(Dataset entries)
━━━━━━

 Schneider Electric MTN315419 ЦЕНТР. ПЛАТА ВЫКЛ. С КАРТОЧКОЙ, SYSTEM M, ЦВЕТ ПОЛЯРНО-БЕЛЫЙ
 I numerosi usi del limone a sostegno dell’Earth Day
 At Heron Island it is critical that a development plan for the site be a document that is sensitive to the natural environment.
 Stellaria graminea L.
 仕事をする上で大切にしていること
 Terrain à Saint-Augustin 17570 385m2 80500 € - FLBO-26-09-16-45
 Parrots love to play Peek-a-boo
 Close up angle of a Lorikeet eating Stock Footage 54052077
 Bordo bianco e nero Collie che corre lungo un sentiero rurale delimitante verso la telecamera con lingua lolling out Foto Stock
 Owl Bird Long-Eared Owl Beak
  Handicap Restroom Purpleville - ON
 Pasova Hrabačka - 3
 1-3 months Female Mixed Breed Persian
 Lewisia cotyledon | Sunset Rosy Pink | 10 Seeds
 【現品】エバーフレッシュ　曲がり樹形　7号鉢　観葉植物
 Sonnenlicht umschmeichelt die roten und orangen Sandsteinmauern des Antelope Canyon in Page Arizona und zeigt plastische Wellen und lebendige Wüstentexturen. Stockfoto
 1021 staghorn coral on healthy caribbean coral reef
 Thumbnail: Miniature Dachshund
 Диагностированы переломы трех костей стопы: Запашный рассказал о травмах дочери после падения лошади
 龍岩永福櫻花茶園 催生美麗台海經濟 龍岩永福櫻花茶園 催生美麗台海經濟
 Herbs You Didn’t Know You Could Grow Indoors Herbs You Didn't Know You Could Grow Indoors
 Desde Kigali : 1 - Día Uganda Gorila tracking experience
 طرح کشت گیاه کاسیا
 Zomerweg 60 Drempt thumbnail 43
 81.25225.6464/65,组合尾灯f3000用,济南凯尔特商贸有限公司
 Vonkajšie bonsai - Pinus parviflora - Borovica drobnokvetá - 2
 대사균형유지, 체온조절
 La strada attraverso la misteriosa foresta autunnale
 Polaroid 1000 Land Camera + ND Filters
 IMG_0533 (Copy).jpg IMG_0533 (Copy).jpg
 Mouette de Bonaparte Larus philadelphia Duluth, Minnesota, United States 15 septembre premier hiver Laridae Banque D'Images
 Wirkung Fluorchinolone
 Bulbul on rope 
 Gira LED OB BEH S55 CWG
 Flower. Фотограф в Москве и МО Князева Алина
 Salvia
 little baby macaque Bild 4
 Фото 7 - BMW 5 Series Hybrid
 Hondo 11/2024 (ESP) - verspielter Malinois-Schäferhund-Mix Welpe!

━━━━━━

* _WHAT YOU SHOULD DO_
Print exactly the lines from the one with "仕事をする上で大切にしていること" through the end of the data, inclusive.

* _EXERCISE OUTPUT_
 仕事をする上で大切にしていること
 Terrain à Saint-Augustin 17570 385m2 80500 € - FLBO-26-09-16-45
 Parrots love to play Peek-a-boo
 Close up angle of a Lorikeet eating Stock Footage 54052077
 Bordo bianco e nero Collie che corre lungo un sentiero rurale delimitante verso la telecamera con lingua lolling out Foto Stock
 Owl Bird Long-Eared Owl Beak
  Handicap Restroom Purpleville - ON
 Pasova Hrabačka - 3
 1-3 months Female Mixed Breed Persian
 Lewisia cotyledon | Sunset Rosy Pink | 10 Seeds
 【現品】エバーフレッシュ　曲がり樹形　7号鉢　観葉植物
 Sonnenlicht umschmeichelt die roten und orangen Sandsteinmauern des Antelope Canyon in Page Arizona und zeigt plastische Wellen und lebendige Wüstentexturen. Stockfoto
 1021 staghorn coral on healthy caribbean coral reef
 Thumbnail: Miniature Dachshund
 Диагностированы переломы трех костей стопы: Запашный рассказал о травмах дочери после падения лошади
 龍岩永福櫻花茶園 催生美麗台海經濟 龍岩永福櫻花茶園 催生美麗台海經濟
 Herbs You Didn’t Know You Could Grow Indoors Herbs You Didn't Know You Could Grow Indoors
 Desde Kigali : 1 - Día Uganda Gorila tracking experience
 طرح کشت گیاه کاسیا
 Zomerweg 60 Drempt thumbnail 43
 81.25225.6464/65,组合尾灯f3000用,济南凯尔特商贸有限公司
 Vonkajšie bonsai - Pinus parviflora - Borovica drobnokvetá - 2
 대사균형유지, 체온조절
 La strada attraverso la misteriosa foresta autunnale
 Polaroid 1000 Land Camera + ND Filters
 IMG_0533 (Copy).jpg IMG_0533 (Copy).jpg
 Mouette de Bonaparte Larus philadelphia Duluth, Minnesota, United States 15 septembre premier hiver Laridae Banque D'Images
 Wirkung Fluorchinolone
 Bulbul on rope 
 Gira LED OB BEH S55 CWG
 Flower. Фотограф в Москве и МО Князева Алина
 Salvia
 little baby macaque Bild 4
 Фото 7 - BMW 5 Series Hybrid
 Hondo 11/2024 (ESP) - verspielter Malinois-Schäferhund-Mix Welpe!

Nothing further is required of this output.